Charles de Gaulle, sur le balcon de l'hôtel de ville de Montréal, le 24 juillet 1967

Il faudra du courage pour être libre

Une journée mémorable que celle du 24 juillet. Cinquante ans déjà que Charles de Gaulle du balcon de l'hôtel de ville de Montréal lançait son «Vive le Québec! Vive le Québec libre!»
Que d'émotions pour un jeune souverainiste de 27 ans qui rêvait de voir son Québec se libérer du joug fédéraliste et réaliser le rêve de notre génération!
La question posée depuis quelques jours a été de savoir si le Québec était plus libre depuis. J'ai écouté de nombreux interlocuteurs ou panélistes et j'ai lu les commentaires d'une bonne douzaine de chroniqueurs. Ils sont tous d'accord sur un point. Nous sommes plus libres de dépenser plus d'argent car nous en gagnons plus. Mais comme le dit Denis Monière: «Si vous êtes pauvre et démuni, vous êtes moins libre que si vous êtes riche et prospère...»

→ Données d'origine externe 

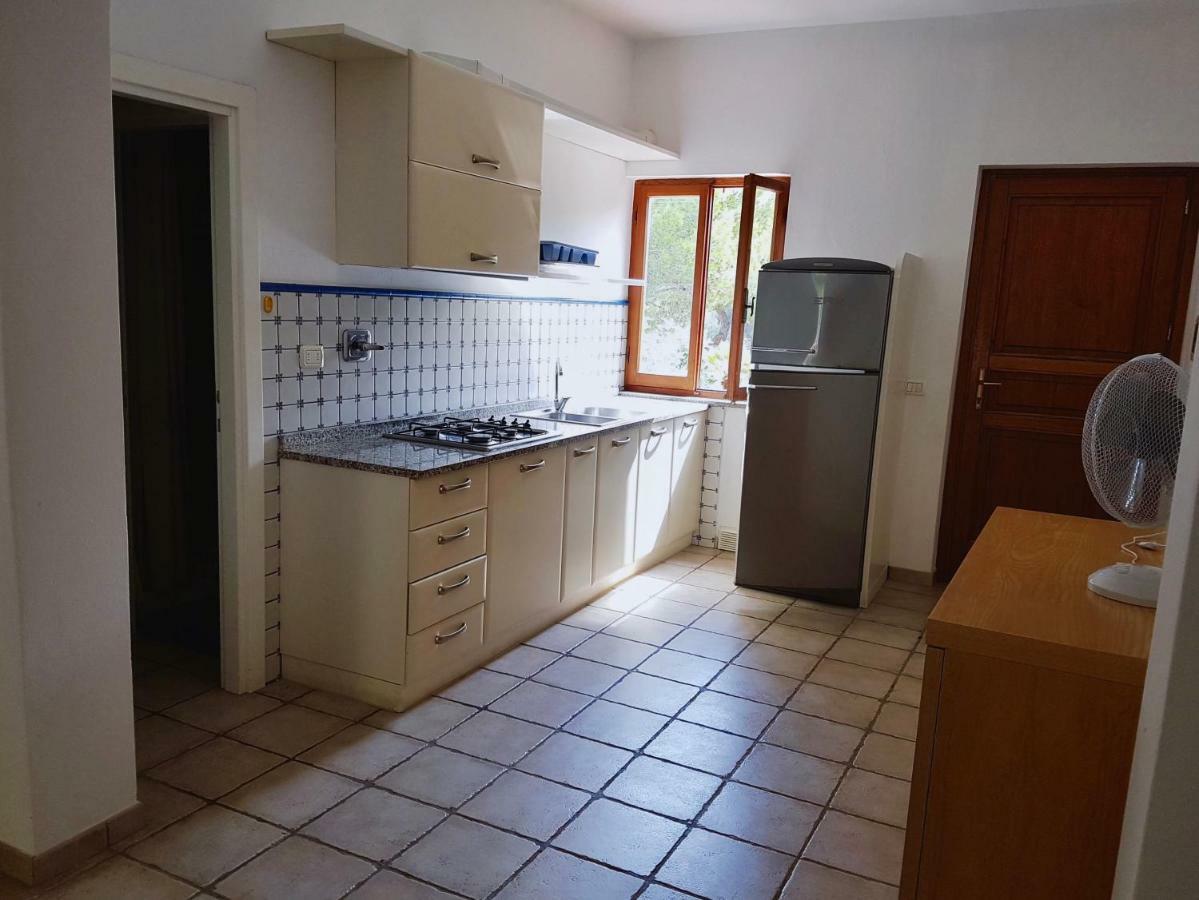Casa Anna - Capo Perla Apartments Capoliveri  Dış mekan fotoğraf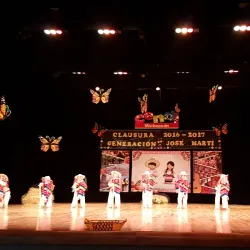 Teatro Obrero - Zamora de Hidalgo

Côté politique, même certains fédéralistes sont d'accord que le parlement québécois est moins «libre» qu'en 1967. Pierre Elliott Trudeau s'en est assuré en rapatriant la Constitution et en créant la Charte des droits et libertés qui limite nos pouvoirs, notamment en matière de langue. En effet, la Cour suprême du Canada peut défaire tout ce que fait le parlement du Québec. Ce n'est pas son fils Justin, une faible réplique de son père, qui va y changer quelque chose. 

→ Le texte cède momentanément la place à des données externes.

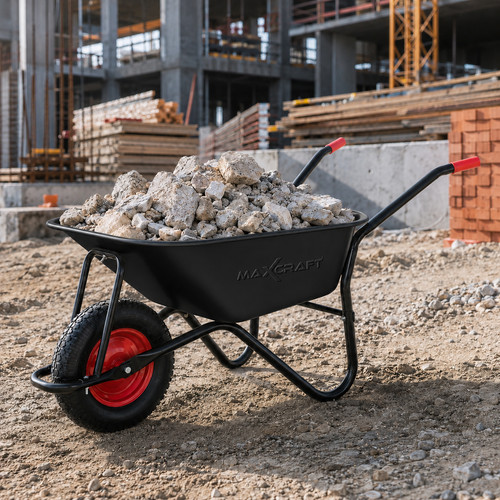 Maxcraft schubkarre - maxcraft,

Nous, les Québécois francophones, vivons aujourd'hui dans un système politique qui nous domine grâce à la constitution qui nous a été imposée de force. Malheureusement, il est triste de constater que ça ne dérange pas grand-monde. Il y a un certain temps, les anglophones avaient peur. Ils sont même venus nous dire qu'ils nous aimaient en nous demandant ce que nous voulions. Maintenant, ils ne s'en soucient même plus car, comme le dit si bien Joseph Facal, un des seuls souverainistes qui ose encore se prononcer: «Deux fois nous avons grimpé jusqu'en haut de la tour de plongeon et deux fois, après avoir regardé l'eau, nous sommes redescendus par l'escalier.» Quelle belle figure pour exprimer la peur. Deux fois, nous avons refusé la liberté. Ils savent maintenant que nous sommes inoffensifs.

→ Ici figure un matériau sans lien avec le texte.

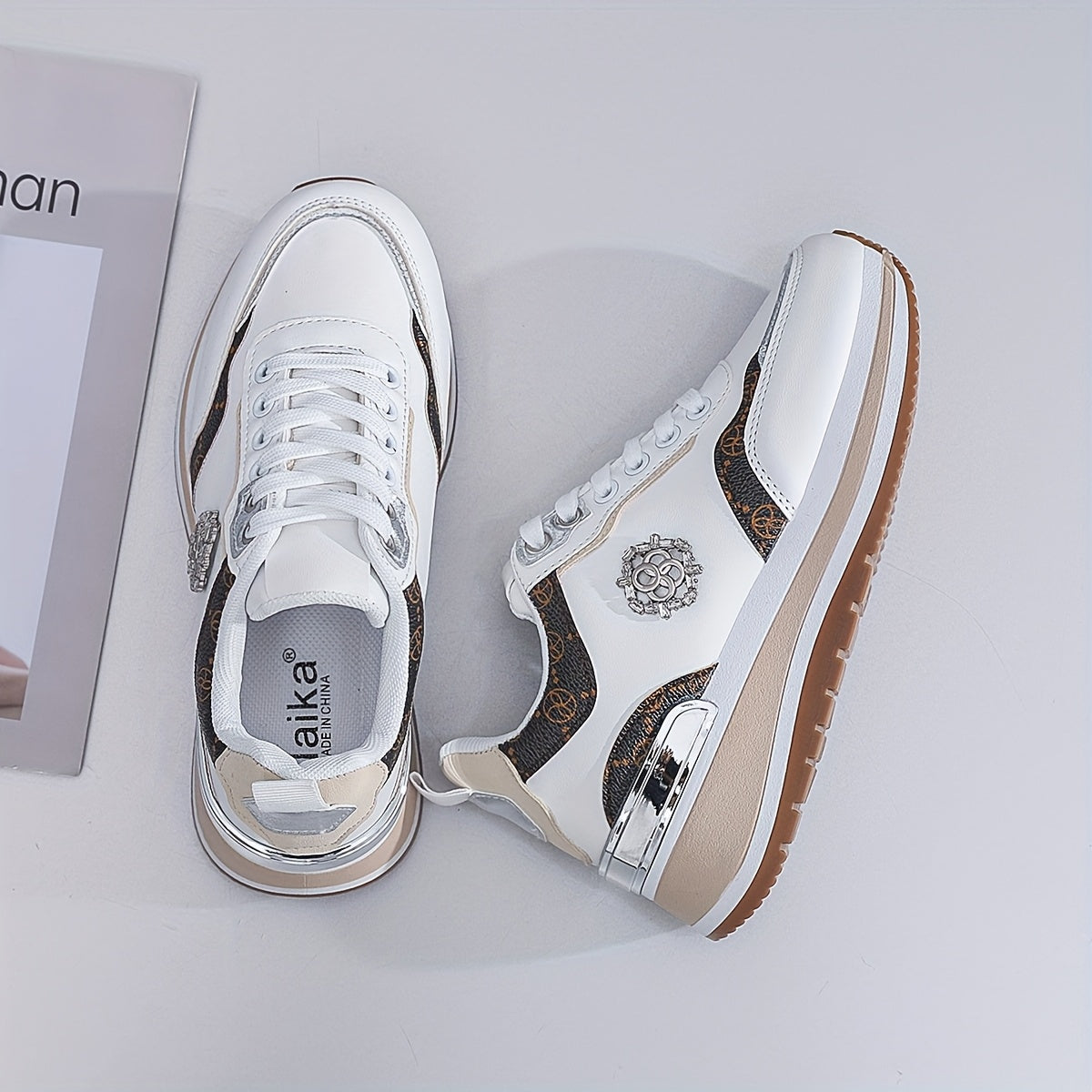 Sneakers - Collezione Nomade SNG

Le poids du Québec au sein du Canada n'a cessé de s'amenuiser depuis 25 ans sur le plan diplomatique et politique. Les gouvernements actuels, qu'ils soient provincial ou fédéral, s'en assurent chaque jour. Un exemple assez frappant: dans une des sociétés les plus ouvertes et diversifiée comme le Québec, le premier ministre Couillard s'apprête à lancer une consultation sur la «discrimination systémique et le racisme». C'est bien la dernière chose dont nous avions besoin mais... les élections approchent. Ce sera la revanche sur la Charte des valeurs et commanditée par le gouvernement québécois, à même nos impôts, qui se retourne ici contre son propre peuple. Pour citer Josée Legault: «Au lieu de pacifier l'atmosphère, le premier ministre prend le chemin contraire pour des raisons strictement partisanes.» On connaît déjà les solutions à nos problèmes, mais il manque la volonté politique pour les appliquer. On nous rabâchera encore une fois que les partis d'opposition soufflent sur «les braises de l'intolérance».  
Monsieur Couillard, vous savez comme nous que le racisme ici n'est pas systémique mais très marginal. Il faut arrêter de toujours nous faire sentir coupables de quelque chose.
Cette enquête sera tout sauf neutre car la Commission des droits de la personne et de la jeunesse (CDPDJ), qui mènera l'opération, compte en ses rangs comme le cite Mathieu B. Côté «des personnalités connues pour leur conception particulièrement extrémiste du multiculturalisme. Elles voient du racisme partout et ceux qui ne le voient pas avec eux sont accusés de racisme à leur tour.» Nous avons déjà eu la commission Bouchard-Taylor, dont le rapport dort sur une tablette; en a-t-on besoin d'une autre?
Définitivement, nous n'avons pas compris le message du général de Gaulle, homme de vision et de courage, champion de la liberté des peuples, qui condamnait toute forme de colonialisme. Nous serons libres, seulement le jour où nous le déciderons! Mais pour cela, ça prend du courage.